# DIRECTIONS FOR THIS TASK
Repeat only the lines from the one containing "Used 2023 Tesla" to the final line below, exactly as they read, and leave every picture out.

# MATERIAL PROVIDED
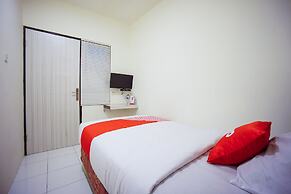 Super OYO 1838 COZY Home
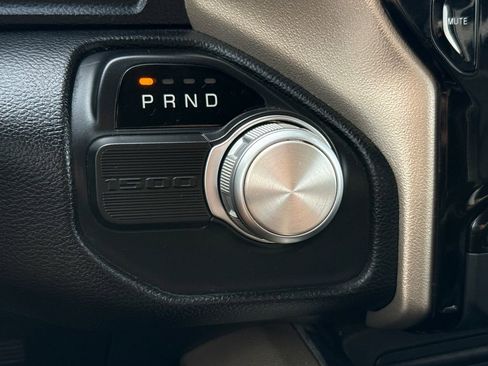 Used 2019 RAM 1500 Laramie image 23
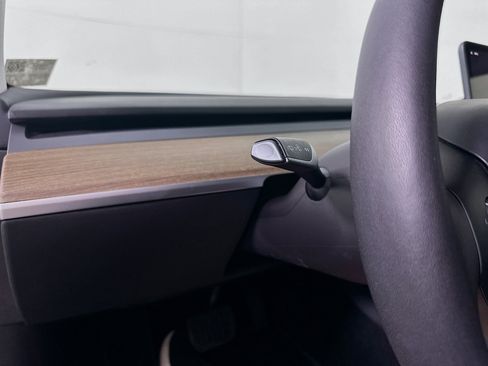 Used 2023 Tesla Model 3 Standard Range image 16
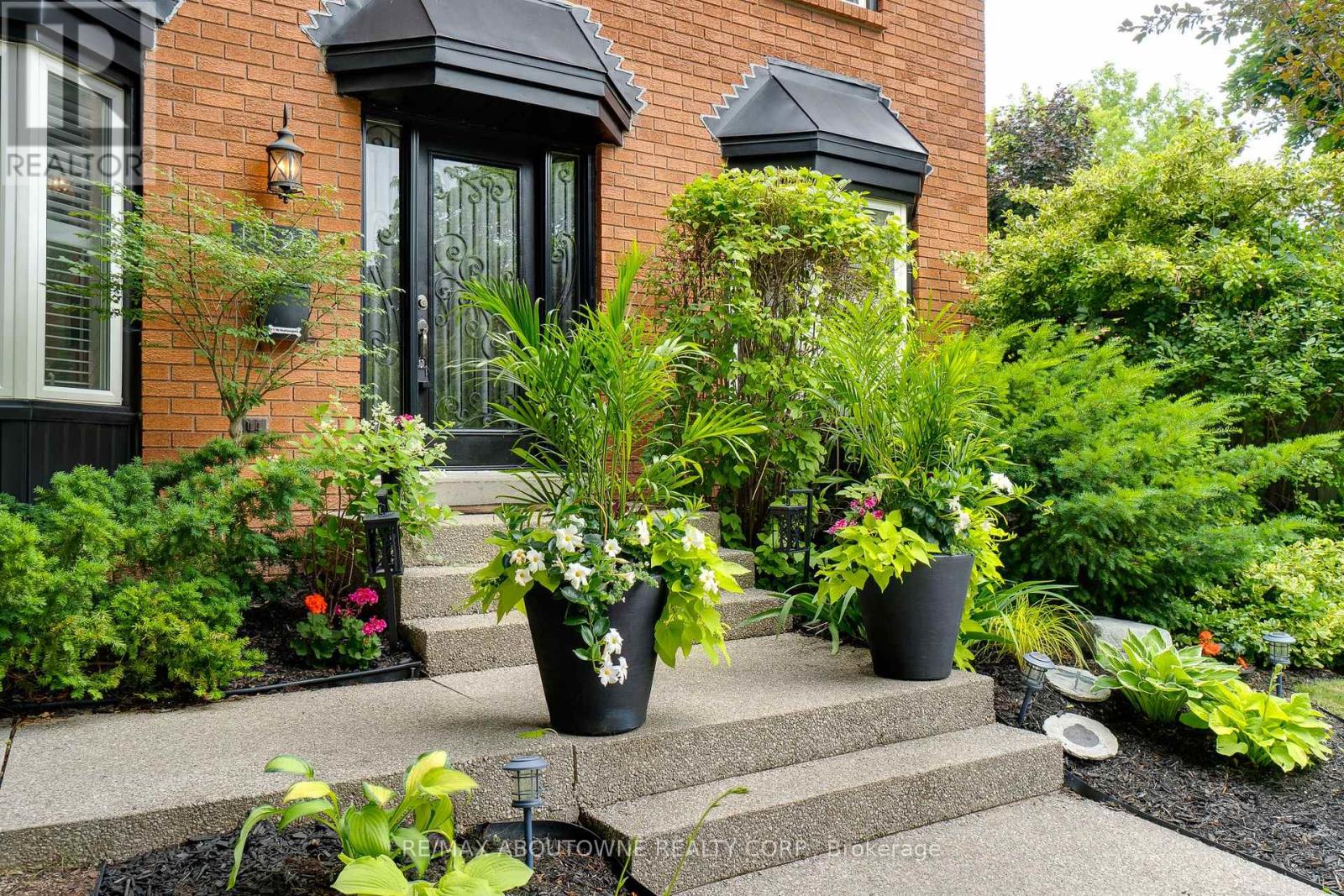 Property at 1125 GRANDEUR CRESCENT image 4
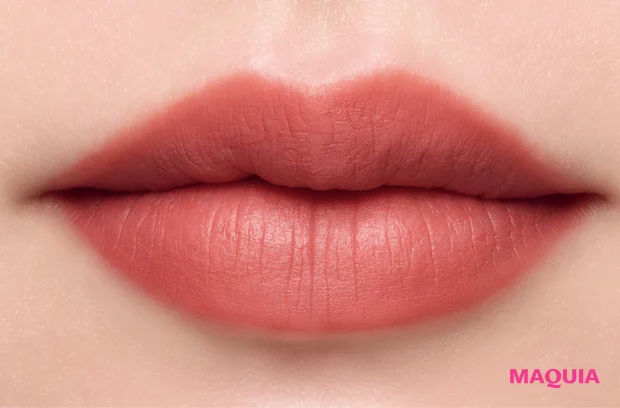 マキア ベストコスメ2025下半期 グロス&リキッドリップ部門 シャネル ルージュ アリュール リクィッド ヴェルヴェット 242 ブルベがスウォッチ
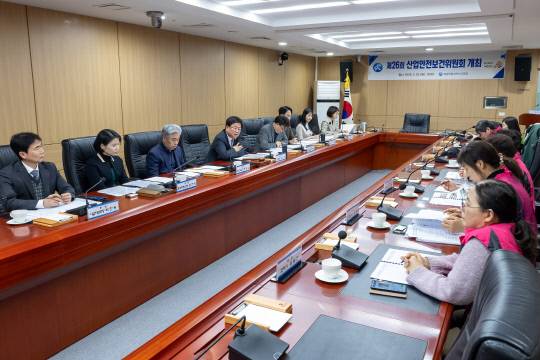 세종교육청은 다양한 직종의 근로자가 안전하고 건강한 환경에서 일할 수 있도록 산업안전보건위원회를 운영하고 있다. 사진은 지난 2월 열린 위원회 모습. 세종교육청 제공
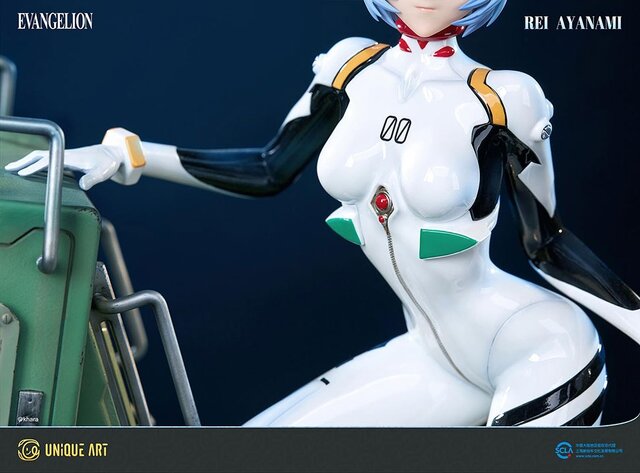 お値段約10万円！「綾波レイ」が1/4スケールのフィギュアになって登場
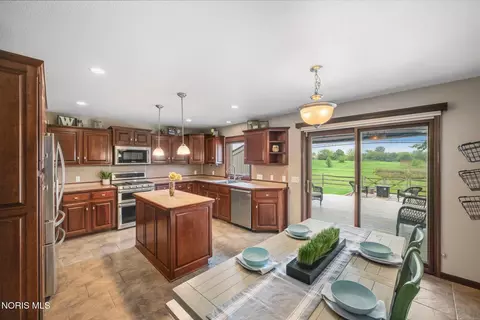 Kitchen - 1733 Spring Forest Dr, Oregon, OH 43616 photo 2 of 5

# TASK RESPONSE
 Used 2023 Tesla Model 3 Standard Range image 16
 Property at 1125 GRANDEUR CRESCENT image 4
 マキア ベストコスメ2025下半期 グロス&リキッドリップ部門 シャネル ルージュ アリュール リクィッド ヴェルヴェット 242 ブルベがスウォッチ
 세종교육청은 다양한 직종의 근로자가 안전하고 건강한 환경에서 일할 수 있도록 산업안전보건위원회를 운영하고 있다. 사진은 지난 2월 열린 위원회 모습. 세종교육청 제공
 お値段約10万円！「綾波レイ」が1/4スケールのフィギュアになって登場
 Kitchen - 1733 Spring Forest Dr, Oregon, OH 43616 photo 2 of 5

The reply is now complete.